Courtesy of the Gedikian Family
Too few people have heard the accounts of the Armenian Genocide from the women’s perspective, researchers Doris and Arda Melkonian told a GCC audience on March 26.
“Most of the body of the literature about the Armenian Genocide is about the men, their struggles, and their experiences,” Doris said. “Few studies have focused on the survival experiences of females despite the higher percentage of survivors being women and children.”
Glendale hosted a Women’s History Month event titled “Women Suffering, Surviving and Succeeding During and After the Armenian Genocide.” The Ottoman Empire killed an estimated 1.5 million people during the genocide, which began April 24, 1915.
“We make the future by the decisions we make today, but to make those decisions in an intelligent way, we need to look to our past and see what happened before us,” said history professor Marguerite Renner. “We may decide some of that is okay and we may continue it. We also may look at it and say ‘Never again.’”
The Melkonian sisters have read more than 400 of the 800 survivor testimonies collected in the 1970s and 80s by UCLA Professor of Armenian and Near Eastern History Richard Hovanessian. They described the victims as human beings whose existence were disrupted by unspeakable brutality. The sisters focused on the unique stories of women and children.
They surveyed the role women played in the survival of Armenians and their culture. In their studies, the Melkonians discovered that survivors select experiences and share them in various ways. In addition, men and women experience the same situation differently, and use different words and language to share those experiences.
Gender differences can be categorized into two sections: women’s vulnerabilities and women’s resources. Their vulnerabilities were often pregnancy, kidnapping and rape, while their resources were creating bonds, nurturing children, marriage and skills.
Using video clips and stories they came across during their research, the sisters demonstrated just how strong and resilient the women were.
One video showed an Armenian woman recounting the details of sexual harassment toward females.
The Melkonians shared many stories of women who rose above their situation, emerging stronger.
A Story of Women’s Survival
When a town crier announced all Armenian men would be drafted into the Turkish Army, Ardem Abrahamian’s husband, Siragan, had no choice but to leave, never to return.
“When this happened, she had us three girls. She didn’t know what to do and wanted to protect us.” said the middle daughter, Alice, during her oral testimony.
Ardem put her three daughters, Rose, Alice and Mary, into the homes of three Greek friends.

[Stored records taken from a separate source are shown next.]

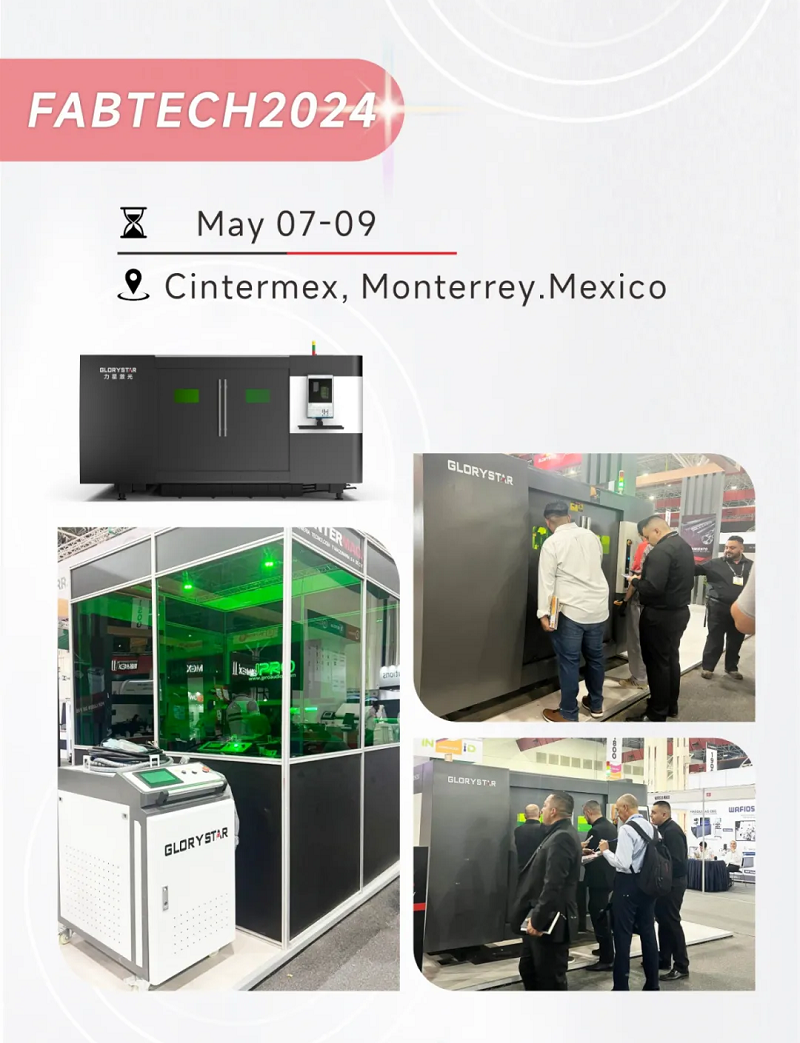 驚艷全球 震撼世界！力星激光2024上半年全球巡展盛況非凡！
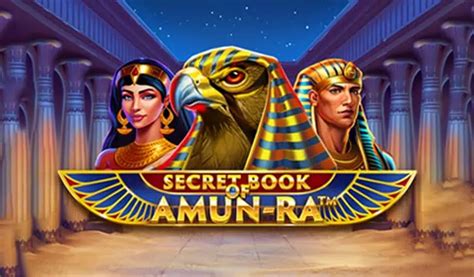 Jogar Secret Book Of Amun Ra No Modo Demo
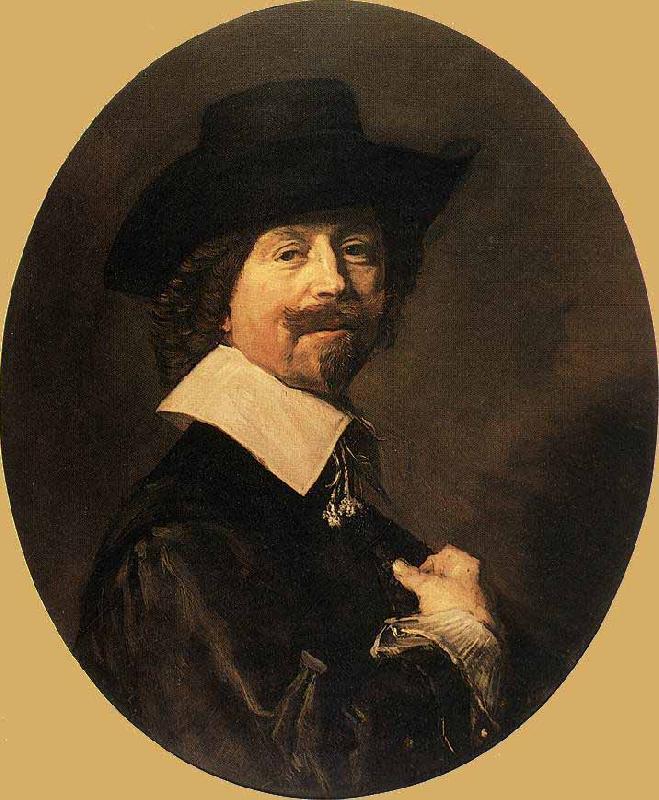 Frans Hals Portrait of a Man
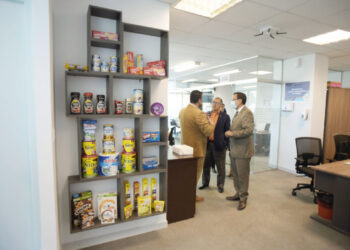 Nestlé abre sus nuevas oficinas en La Paz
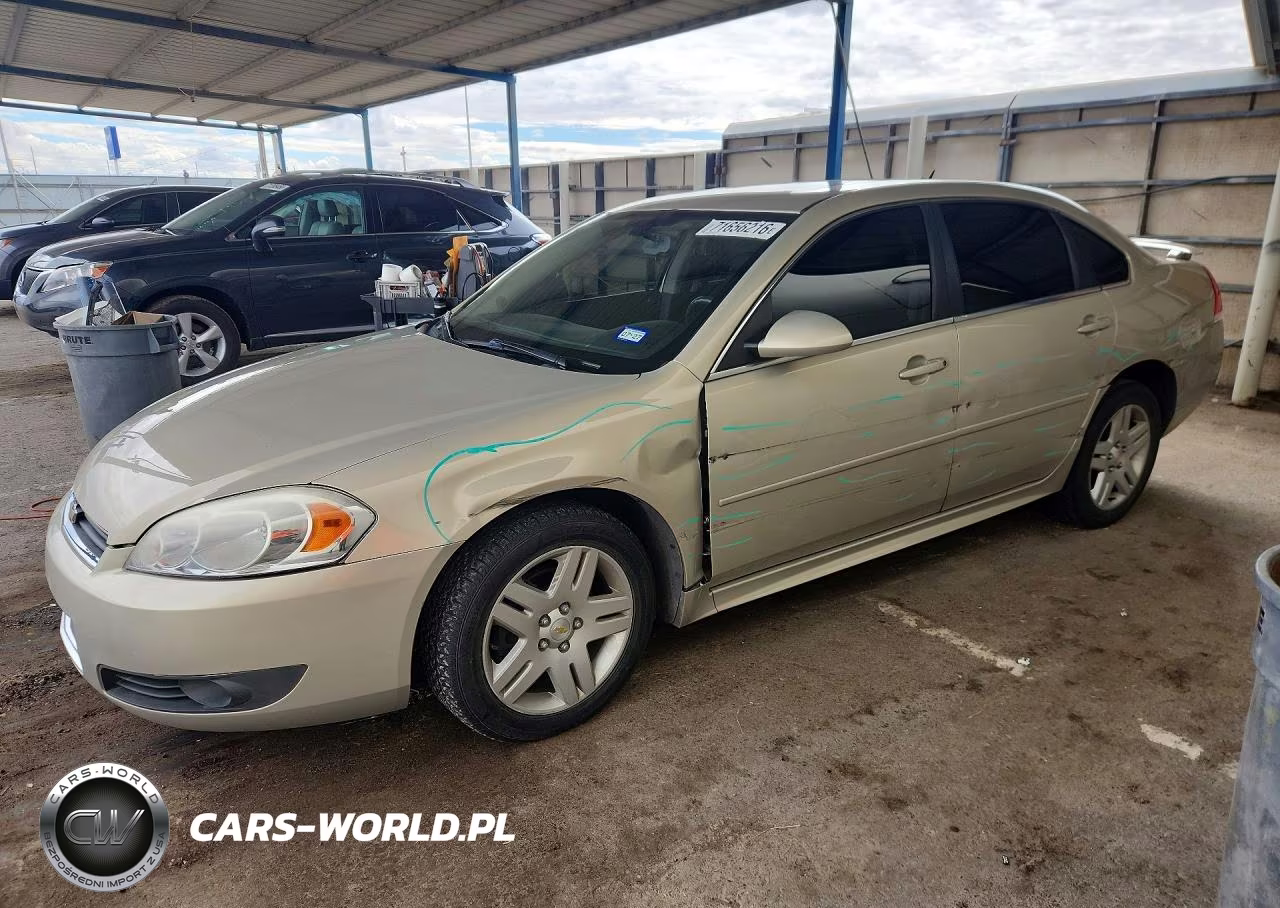 2010 Chevrolet Impala Lt – zdjęcie 1 z 12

This allowed Ardem to hide in the basement of a church until the genocide was over. Once it was safe, Ardem went to get her children back. Although there were no problems getting the older two girls back, the family housing Mary, the youngest, did not want to give her up. Ardem agreed to let the family keep her a bit longer while she got back on her feet with Rose and Alice.
“The governor was a pretty nice guy, and you could go and claim your property, so [Ardem] claimed her husband’s three [apartment] units and farm. She was smart, because she could read and write in many languages, and could get back the property,” Alice said.
Both Ardem and her mother were college educated, a rarity for most women during that time.
When Ardem returned again for Mary, the Greek family had their son run with Mary into a farm. Ardem went to the police and got back her daughter, and even though it left her daughter terrified and crying, she was able to reclaim her.
Her mother sold the farm and rented out the apartments before leaving for Constantinople to board a broken Turkish war ship for America. Mary cried the entire way, leaving her eyes red, a sign of pink eye. In those days, pink eye was cause to be sent back.
“On that old ship, Mother has taught us to sing ‘Jesus Loves Me,’” Alice said.
While going through a medical exam, Ardem dressed the girls in matching sailor outfits and had them sing, allowing them passage through Ellis Island.
Back in the Middle East, families made sure to reclaim their culture, including their religion and customs. In America, it was quite the opposite. It was necessary to adopt the American culture and to blend in as much as possible.
All three daughters have since passed away. Alice died last January, just after her 100th birthday; however, their stories survive through their testimonies. The eyewitness accounts of survivors allow new generations to learn from their experiences.